To say that Imp is an unreliable narrator is an understatement and settling down into the novel is not an easy task.  Imp writes her stories, tells them to us, but occasionally a person will argue with her about whether or not certain elements of what she wrote should have been included.  It isn’t clear to the reader who this argumentative person is, initially, which further enhances the fractured sanity of Imp. The bulk of the story is told from Imp’s point of view; she relates her past, her family all the while moving through a period of her life where she takes in a woman thrown out by her roommate, meets a ghost/mermaid/wolf-girl, and continues to paint. Kiernan also intersperses stories written by Imp into the main narrative.

Walking through the streets one day, Imp notices items at the curbside she takes to be trash. When she begins rummaging through the items, she is told it is not garbage by Abalyn - the owner of the items mistaken for trash. Abayln’s girlfriend kicked her out and being the naïve though caring individual she is, Imp invites Abalyn to stay with her.  This turns into a much more complex relationship than mere roommates; the two become lovers. Abalyn is very surprised how disconnected Imp is; Abalyn’s more modern music, television and gaming consoles (Abalyn is a video game reviewer) are new things to Imp.  In short, Abalyn’s more enmeshed-in-reality is a stark contrast to Imp’s dreamy, artsy existence.

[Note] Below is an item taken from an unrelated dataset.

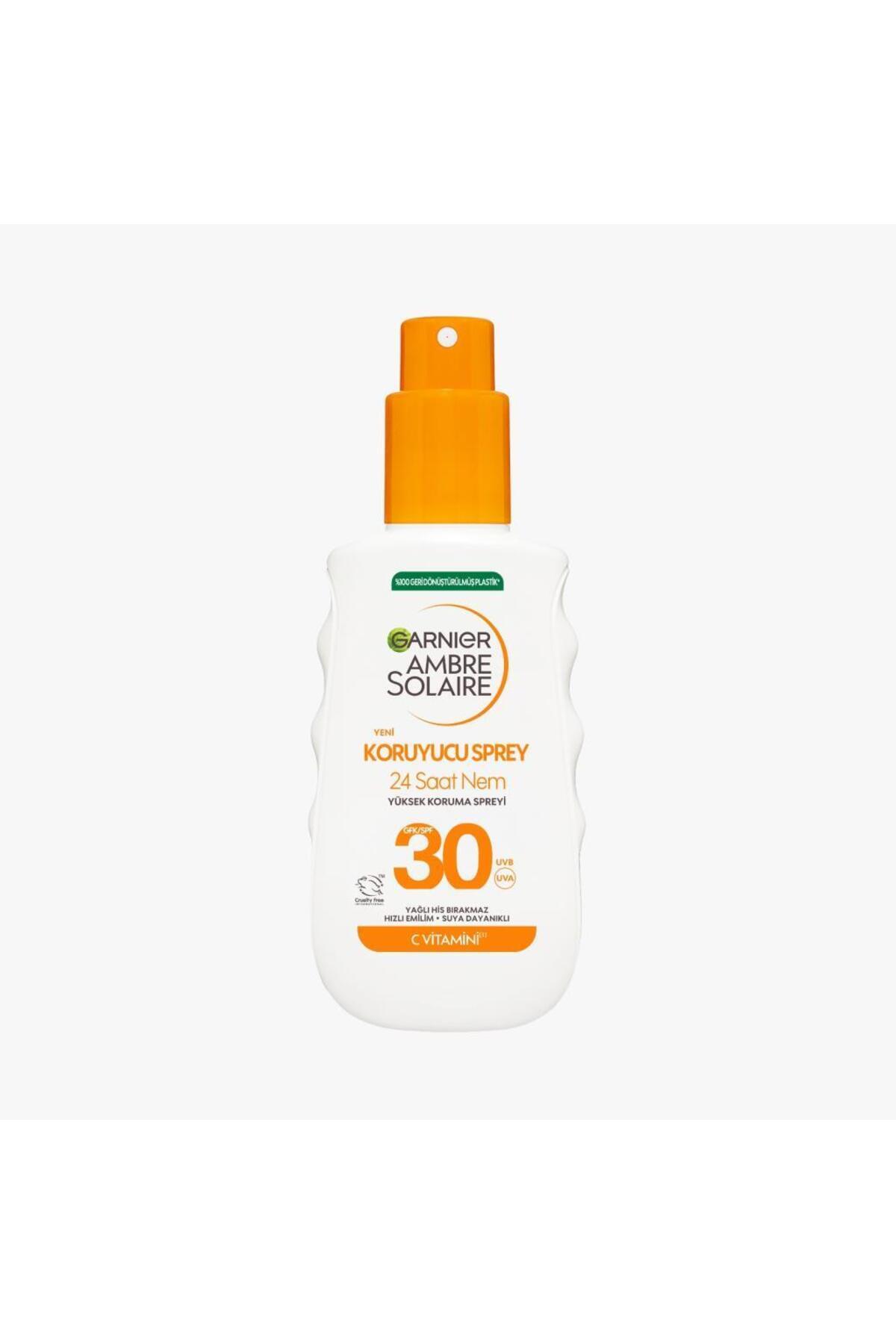 Garnier Ambre Solaire 24 Saat Nem Çok Yüksek Koruma Spreyi SPF30 150ml, Suya Dayanıklı, Yağlı His Bırakmaz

Both characters are complex though I found it very difficult to like and tolerate Abalyn, especially how she initially treated Imp.

On another of her wanderings, this time in a car, Imp meets a strange, initially silent woman in the middle of the road. Of course she takes the strange woman home, much to the chagrin of Abalyn despite the fact that Abayln came into Imp’s life in a similar fashion.  Imp learns her name is Eva; Eva might be a ghost, she may be a siren; she also might be the inspiration for a painting – The Drowning Girl – from the 19th Century that captured Imp’s fancy when she was a young girl.

Kiernan explores many heady themes in this novel; perception of reality, gender identification, hereditary legacies, art & the creation of story, the nature of sanity, modes of narrative, and accepting one’s place in the world. The Drowning Girl is a multilayered novel that is by no means linear despite Imp’s attempts to convey her story as such.  It isn’t a novel that can be or should be taken at face value.  As much as anything else, The Drowning Girl is a novel about people who are haunted, and like the novel itself, that word can be taken for all of its meanings as it relates to the characters who inhabit the novel.

And yet…yet I’m conflicted. After thoroughly enjoying The Red Tree by Kiernan, I was looking forward to reading The Drowning Girl. The narrative choices Kiernan makes along the way aren’t ones with which I can find fault; however, I wasn’t able to fully connect with the story she was telling. I think that was part of the plan on Kiernan’s part, too. I appreciate the work and complexity of the novel, but the narrative isn’t something I found myself being connected with or drawn back to reading.

In short, a book that, when I step away from, has plenty of things to admire but one that ultimately didn’t work for me.